-------- Dataset records --------

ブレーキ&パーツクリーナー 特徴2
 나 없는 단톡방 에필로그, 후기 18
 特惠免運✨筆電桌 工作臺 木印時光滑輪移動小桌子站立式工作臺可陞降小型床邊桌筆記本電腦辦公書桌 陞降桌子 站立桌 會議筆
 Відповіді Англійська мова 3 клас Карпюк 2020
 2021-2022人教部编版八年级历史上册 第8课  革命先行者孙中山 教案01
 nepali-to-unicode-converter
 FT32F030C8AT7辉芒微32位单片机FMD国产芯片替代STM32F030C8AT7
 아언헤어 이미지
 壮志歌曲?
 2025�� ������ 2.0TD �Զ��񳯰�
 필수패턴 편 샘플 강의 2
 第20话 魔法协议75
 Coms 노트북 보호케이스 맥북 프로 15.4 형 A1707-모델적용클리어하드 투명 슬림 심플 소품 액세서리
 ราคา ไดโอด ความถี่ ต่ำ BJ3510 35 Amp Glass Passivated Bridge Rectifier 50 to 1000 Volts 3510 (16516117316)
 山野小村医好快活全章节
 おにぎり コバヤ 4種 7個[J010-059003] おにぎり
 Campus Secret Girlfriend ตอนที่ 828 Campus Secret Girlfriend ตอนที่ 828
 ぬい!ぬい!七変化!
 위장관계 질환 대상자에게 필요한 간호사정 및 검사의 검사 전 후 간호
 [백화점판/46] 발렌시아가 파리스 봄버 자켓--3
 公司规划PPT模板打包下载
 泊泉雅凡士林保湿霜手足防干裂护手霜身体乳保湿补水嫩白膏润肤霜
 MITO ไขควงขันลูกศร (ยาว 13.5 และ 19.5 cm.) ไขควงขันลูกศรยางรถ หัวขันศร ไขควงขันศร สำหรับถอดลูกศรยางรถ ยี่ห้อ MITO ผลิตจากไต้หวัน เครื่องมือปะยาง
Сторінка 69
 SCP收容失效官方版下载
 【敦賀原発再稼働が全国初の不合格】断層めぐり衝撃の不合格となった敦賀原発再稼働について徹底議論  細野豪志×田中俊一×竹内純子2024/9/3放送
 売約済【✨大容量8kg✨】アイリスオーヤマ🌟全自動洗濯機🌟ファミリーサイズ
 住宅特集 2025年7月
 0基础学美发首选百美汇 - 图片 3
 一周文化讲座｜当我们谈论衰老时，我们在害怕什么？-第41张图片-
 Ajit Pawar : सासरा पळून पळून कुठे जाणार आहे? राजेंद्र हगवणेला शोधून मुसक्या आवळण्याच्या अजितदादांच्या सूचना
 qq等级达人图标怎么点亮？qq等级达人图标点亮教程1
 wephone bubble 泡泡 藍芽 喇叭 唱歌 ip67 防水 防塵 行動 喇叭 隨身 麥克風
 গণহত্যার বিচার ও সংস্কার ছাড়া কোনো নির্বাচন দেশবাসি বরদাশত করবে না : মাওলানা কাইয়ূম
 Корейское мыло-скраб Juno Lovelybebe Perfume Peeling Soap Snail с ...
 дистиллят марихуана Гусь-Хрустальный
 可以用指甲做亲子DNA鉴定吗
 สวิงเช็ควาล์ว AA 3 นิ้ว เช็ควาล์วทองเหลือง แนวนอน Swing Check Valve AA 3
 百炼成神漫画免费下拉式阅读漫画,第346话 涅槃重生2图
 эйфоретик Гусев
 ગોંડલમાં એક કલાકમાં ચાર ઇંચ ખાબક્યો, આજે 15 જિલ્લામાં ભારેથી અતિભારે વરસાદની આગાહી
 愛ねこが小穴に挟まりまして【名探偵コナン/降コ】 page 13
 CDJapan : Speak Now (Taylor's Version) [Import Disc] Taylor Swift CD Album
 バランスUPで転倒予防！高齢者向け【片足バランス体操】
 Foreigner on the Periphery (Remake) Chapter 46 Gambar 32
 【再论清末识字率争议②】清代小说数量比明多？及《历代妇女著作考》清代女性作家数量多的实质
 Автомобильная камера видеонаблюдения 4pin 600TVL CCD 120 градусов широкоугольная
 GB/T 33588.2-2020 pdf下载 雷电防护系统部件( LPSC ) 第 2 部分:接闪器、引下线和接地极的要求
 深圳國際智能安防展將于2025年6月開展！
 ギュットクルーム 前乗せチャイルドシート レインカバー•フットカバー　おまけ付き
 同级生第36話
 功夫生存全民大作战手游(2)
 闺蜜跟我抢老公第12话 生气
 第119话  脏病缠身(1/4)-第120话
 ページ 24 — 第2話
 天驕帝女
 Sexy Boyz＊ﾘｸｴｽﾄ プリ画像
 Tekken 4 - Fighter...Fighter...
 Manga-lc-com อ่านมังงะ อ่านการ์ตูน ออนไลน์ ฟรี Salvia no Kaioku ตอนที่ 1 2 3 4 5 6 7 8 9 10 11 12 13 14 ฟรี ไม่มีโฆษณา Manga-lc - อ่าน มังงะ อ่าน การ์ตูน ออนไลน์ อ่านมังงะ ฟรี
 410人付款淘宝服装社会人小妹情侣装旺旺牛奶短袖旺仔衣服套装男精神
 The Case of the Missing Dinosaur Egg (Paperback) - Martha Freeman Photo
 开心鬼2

--------

■ Task item
Could you set down, word for word, only the lines above from the line with "ราคา ไดโอด ความถี่" to the line with "Ajit Pawar : सासरा", including both?

■ Written reply
 ราคา ไดโอด ความถี่ ต่ำ BJ3510 35 Amp Glass Passivated Bridge Rectifier 50 to 1000 Volts 3510 (16516117316)
 山野小村医好快活全章节
 おにぎり コバヤ 4種 7個[J010-059003] おにぎり
 Campus Secret Girlfriend ตอนที่ 828 Campus Secret Girlfriend ตอนที่ 828
 ぬい!ぬい!七変化!
 위장관계 질환 대상자에게 필요한 간호사정 및 검사의 검사 전 후 간호
 [백화점판/46] 발렌시아가 파리스 봄버 자켓--3
 公司规划PPT模板打包下载
 泊泉雅凡士林保湿霜手足防干裂护手霜身体乳保湿补水嫩白膏润肤霜
 MITO ไขควงขันลูกศร (ยาว 13.5 และ 19.5 cm.) ไขควงขันลูกศรยางรถ หัวขันศร ไขควงขันศร สำหรับถอดลูกศรยางรถ ยี่ห้อ MITO ผลิตจากไต้หวัน เครื่องมือปะยาง
Сторінка 69
 SCP收容失效官方版下载
 【敦賀原発再稼働が全国初の不合格】断層めぐり衝撃の不合格となった敦賀原発再稼働について徹底議論  細野豪志×田中俊一×竹内純子2024/9/3放送
 売約済【✨大容量8kg✨】アイリスオーヤマ🌟全自動洗濯機🌟ファミリーサイズ
 住宅特集 2025年7月
 0基础学美发首选百美汇 - 图片 3
 一周文化讲座｜当我们谈论衰老时，我们在害怕什么？-第41张图片-
 Ajit Pawar : सासरा पळून पळून कुठे जाणार आहे? राजेंद्र हगवणेला शोधून मुसक्या आवळण्याच्या अजितदादांच्या सूचना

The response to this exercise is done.